Know what else I'm tired of? Being jealous. I'm tired of constantly being jealous when someone that I want to myself is spending time with someone else. I'm tired of it because you just can't control that! It's not right and it's not gonna happen anyway. But in all honesty, I would be totally happy if those people that I'm constantly getting jealous with just didn't have any other friends but me. Yup, no friends. Not one extra person to monopolize their time. I mean, c'mon. Is there anything so wrong with that?

OF COURSE THERE IS. It's called being selfish and jealous and whatever else. Crazy, maybe? Not only that, hypocritical too.
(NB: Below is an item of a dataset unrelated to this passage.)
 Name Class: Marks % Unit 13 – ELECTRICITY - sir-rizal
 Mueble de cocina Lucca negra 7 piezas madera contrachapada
Cause I'm just as happy as a frickin clam having bunches of acquaintances and hanging out with whoever, when that happens.

I think that there's a lot of stuff still wrong with me. I also realize that was a total subject change. Oh well. I think that I have plenty to figure out with myself still and that mentally, there's still some stuff wrong with me. Really. I know a lot of you don't see it, but I do. I know my feelings and problems are still there, hiding themselves in crevices and waiting to come out. They wait a good while too. Long enough for me to start thinking I'm done, I've got no problems anymore. But they never go away. Will they ever? I truly wonder. I truly truly wonder. Will my problems ever go away? Man do I hope so...

Look, maybe I just need to get some sleep. Maybe I'll feel better in the morning. Maybe this cramp in my leg'll be gone and I'll be thinking less, or none, about what I am right now. And maybe...man, I lost my train of thought. I really am starting to get tired. Ok, I'm gonna head to bed. Though, I'm really hungry. Maybe I'll eat some pudding or Chex Mix or something. But yeah, lemme post this before I fall asleep with it up. Cause then I'll never post it. I'll wake up the next morning (or later today, whatever) and be like, I wrote this? But I don't feel that way anymore, so lemme not post it. Nah, I don't want to do that. I want to post this cause I took too frickin long writing it. And I'm getting hungrier by the second. I feel like my stomach's eating itself. Alright, good night people. Unless you're already asleep. Like sane people. And non-teenagers/college students/people who work the graveyard shift (I'm sorry for you people!).
Wait, must be cause I'm getting tired, but I don't think those last few sentences make sense. Let's see, I said goodnight people. Then unless you're asleep. Then, like sane people. Then I named a bunch of people who wouldn't be asleep right now. Yeah... Definitely doesn't make sense. Oh well, don't fee like fixing it. Time to post! Again, goodnight.